Q. You and your co-author argue that constitutions might even require vaccine passports. Can you explain?

A. In many systems around the world, the constitution allows the government to prohibit people from participating in certain fundamental activities, but only if the restriction is proportional to the state interest, or elsewhere, if the policy is the least restrictive way of accomplishing the governmental objective. Before vaccines, blanket lockdowns and certain other bans on travel, public gatherings, church attendance, etc., were most certainly a proportional or necessary measure to slow the pandemic. The various legal challenges to these measures mostly failed – rightly, in my view.

Rotunda Logo with the Text UVA

But now, a small-but-growing set of the population is fully vaccinated, with efficacy for preventing serious illness reportedly approaching 100%. Compared with a blanket lockdown, a vaccine passport scheme exempting vaccinated people from the restrictions is probably more effective, and definitely less restrictive. So we can imagine a fully vaccinated person going to court and arguing, “Given that I present little or no danger to the public, you no longer have a valid reason for restricting me from enjoying these core liberties and contributing to society and the economy.”

This argument alone should be enough to justify making passports available. But, as many public health experts have argued, the passports would also incentivize vaccinations, nudging the vaccine-hesitant out of their hesitancy and protecting many additional people from the virus.

Q. What are the arguments against using a vaccine passport, and how would you respond to them?
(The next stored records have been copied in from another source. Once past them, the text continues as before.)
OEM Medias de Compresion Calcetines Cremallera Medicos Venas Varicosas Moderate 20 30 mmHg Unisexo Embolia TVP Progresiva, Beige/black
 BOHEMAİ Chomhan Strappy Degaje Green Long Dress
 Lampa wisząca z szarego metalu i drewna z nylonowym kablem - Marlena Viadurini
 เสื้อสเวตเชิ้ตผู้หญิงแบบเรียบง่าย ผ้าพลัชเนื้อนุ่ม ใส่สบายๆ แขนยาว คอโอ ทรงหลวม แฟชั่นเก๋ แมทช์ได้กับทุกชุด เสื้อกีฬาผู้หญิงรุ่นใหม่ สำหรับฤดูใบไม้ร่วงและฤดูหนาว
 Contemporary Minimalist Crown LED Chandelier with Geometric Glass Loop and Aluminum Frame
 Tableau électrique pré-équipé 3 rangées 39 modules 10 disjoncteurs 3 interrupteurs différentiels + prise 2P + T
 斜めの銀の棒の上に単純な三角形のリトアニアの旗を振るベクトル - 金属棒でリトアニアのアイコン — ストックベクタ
A. The main argument we’ve seen is based in notions of equity or fairness: It is inappropriate or even unconstitutional to give some people these basic rights, but not others. It seems that conservatives and progressives are essentially making different versions of this argument. Many conservatives say that the passports coerce people into accepting a vaccine in exchange for recovering their basic liberties. Some might also argue that governments will use the passports to justify prolonging restrictions. Progressives are focused on the fact that not everyone has access to the vaccine yet, and that some groups may have more access than others.

I’m not entirely unsympathetic to these arguments, but ultimately, I don’t find them convincing. So long as the vaccines are reasonably safe (and there’s no good evidence that they’re not), governments should be able to temporarily condition certain liberties on being vaccinated, if doing so is a reasonable way to protect the public from serious harm. In addition, there’s reason to expect that the program would hasten the end of the pandemic, and thus the easing of liberty restrictions generally.

As to nonuniversal access, the vaccine is generally free, and the groups that still have the least access (young and healthy people) are also least vulnerable to the virus. As for those who cannot get a vaccine for medical or other reasons, some governments like the European Union are reportedly considering providing passports to those who recently and regularly test negative, or to those who can show sufficient antibodies after having recovered from the illness.

Q. Could widespread use of vaccine passports lead to counterfeits and fraud?

A. We’re not data security or privacy experts, and we haven’t studied this issue extensively. But many governments, businesses and nonprofits are developing vaccine passport smartphone apps that, they claim, protect the user’s medical privacy like existing medical-record apps (like MyChart). As to counterfeiting, given the hassle and legal risk involved in committing vaccine passport fraud, wouldn’t it be a whole lot easier to just go and get vaccinated?